Тому кругу сотрудников Юрия Владимировича, который привлекался им в помощь для подготовки доклада, а это были П. Лаптев, Е. Карпещенко, я, консультанты В. Шарапов и И. Розанов, заранее объявлялся повод, место и время события. В названный час мы входили в кабинет Юрия Владимировича и рассаживались за длинным полированным столом для заседаний. С нами вместе приходили две замечательные стенографистки, имена которых до сих пор надо держать в секрете, потому что они знают в несколько раз больше государственных тайн из «особых папок», чем самые осведомленные чекисты, секретари ЦК, члены политбюро и генсеки, вместе взятые. Эти молодые дамы могли записывать, стенографировать или синхронно печатать на машинке быстрее, чем у среднего человека проворачивались в голове мысли. Они опережали любого начинавшего говорить, и, когда оратор только начинал фразу, они ее уже дописывали.
Юрий Владимирович выходил из-за своего рабочего стола, держа в руке листок с тезисами, и усаживался на председательское место у длинного стола.

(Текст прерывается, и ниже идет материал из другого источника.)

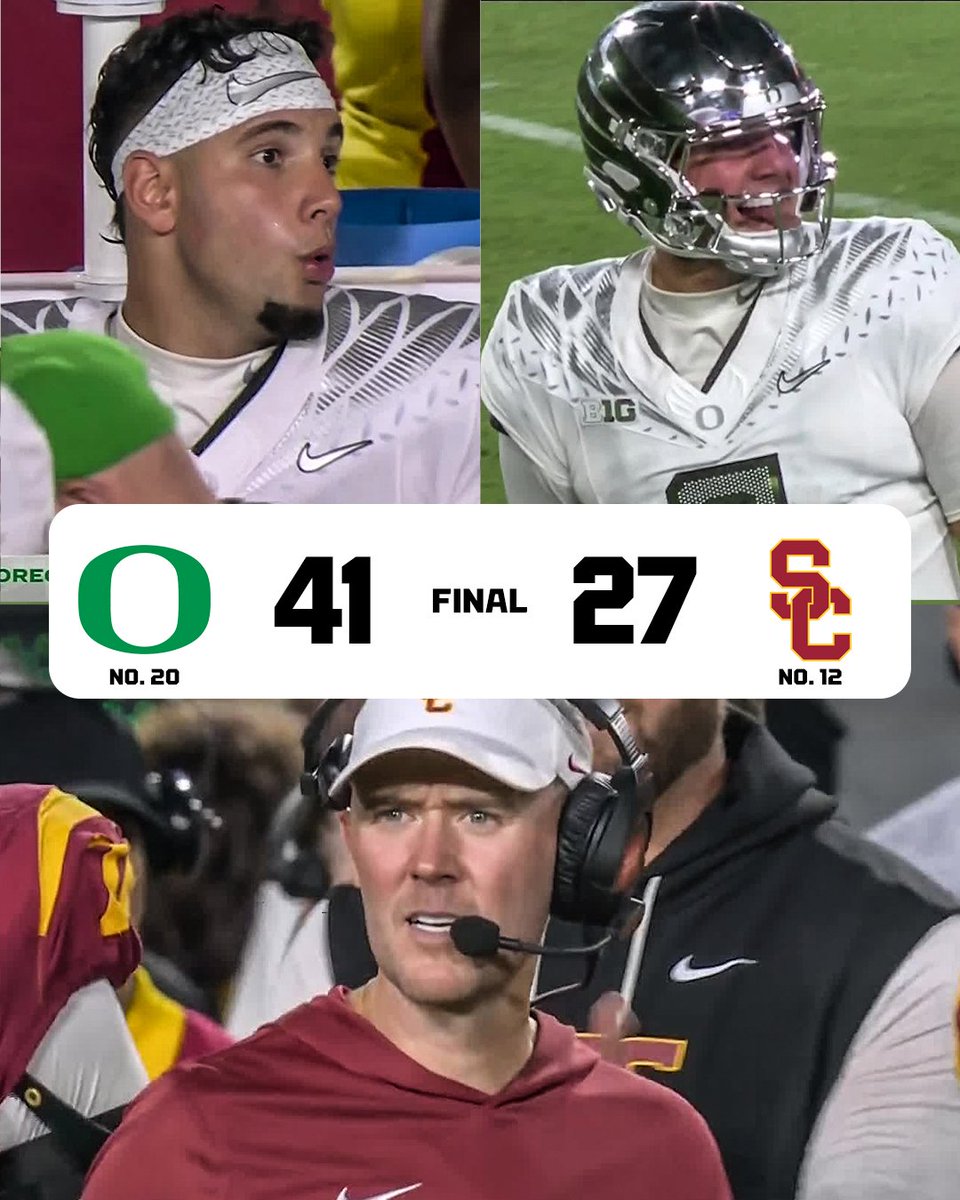 ESPNCFB's tweet photo. DYLAN RAIOLA WAS BALLIN 🔥

Oregon picks up a big win over USC 👀 https://t.co/aAgeEw8bF5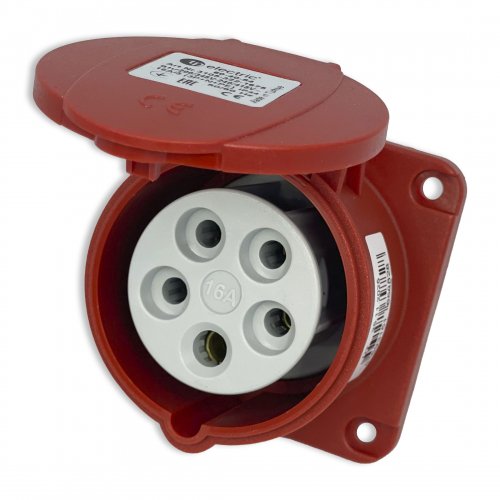 Розетка силова промислова TP Electric 5x16A 3P+N+PE із заземленням 75x75мм пряма 60-40-84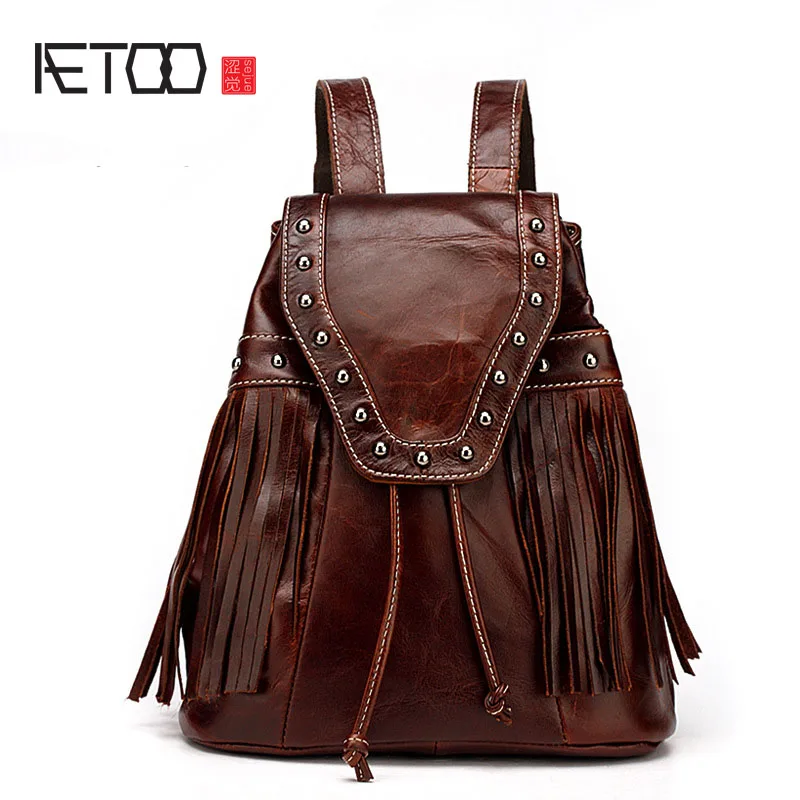 

AETOO New shoulder bag leather Korean version of the limelight cowhide rivets travel backpack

— Я бы хотел сказать вот что… — начинал он и далее, без передыха или остановок, произносил речь минут на тридцать. Было видно, что он долго думал над ней, прикидывал и так и эдак, а теперь излагал уже нечто выношенное. Закончив говорить, он с минуту как бы прислушивался к сказанному, а потом командовал: — Теперь критикуйте кто во что горазд!
Никто из слушателей не возникал с льстивыми оценками того, как все было хорошо продумано и сбалансировано в первом наброске шефа. Андропов этого терпеть не мог, как мы видели это на заседаниях коллегии. Некоторые выступавшие там после доклада председателя бурно начинали восторгаться и изливать подхалимаж. Юрий Владимирович резко обрывал льстецов и требовал обсуждать вопрос по существу.
Мы старались найти трещинки в его аргументации, слабость логических переходов от раздела к разделу. Что-то всегда находилось. Он говорил тогда стенографисткам: «Обязательно поточнее запишите это!»… А нам: «Продумайте аргументацию еще раз и обсудите друг с другом…»
Затем шеф начинал делить на куски свою речь и предлагать нам их для дальнейшей обработки.
— Ты, Паша, — говорил он Лаптеву, — возьмешь такой-то раздел… Ты, Игорь, поработай над другим разделом… Ты, Женя, посмотри вот эту часть… Ты, Витя, такую-то… Ты, Иван, следующую…
Получалось по пять-шесть страничек текста на брата. Затем Юрий Владимирович определял каждому, по каким темам следует выбрать приличествующие месту цитаты из Ленина, Маркса, Брежнева. Давался и срок исполнения работы — обычно три-четыре дня, назначалась сдача страничек, подготовленных каждым, в секретариат Лаптеву для передачи «частей для сборки» будущему автору выступления. При этом Юрий Владимирович многократно подчеркивал, что надо обязательно весомо употреблять такие ключевые слова, как «партия», «большевизм», «большевики» и «чекисты». Сотрудников КГБ в своих официальных выступлениях и служебных документах, записках и прочих деловых бумагах он не называл иначе, как громким словом «чекисты», приобретавшим в его устах значение высшей добродетели. Больше всего он любил слово «большевики», которое, видимо, в наибольшей степени отвечало его воззрениям и характеру.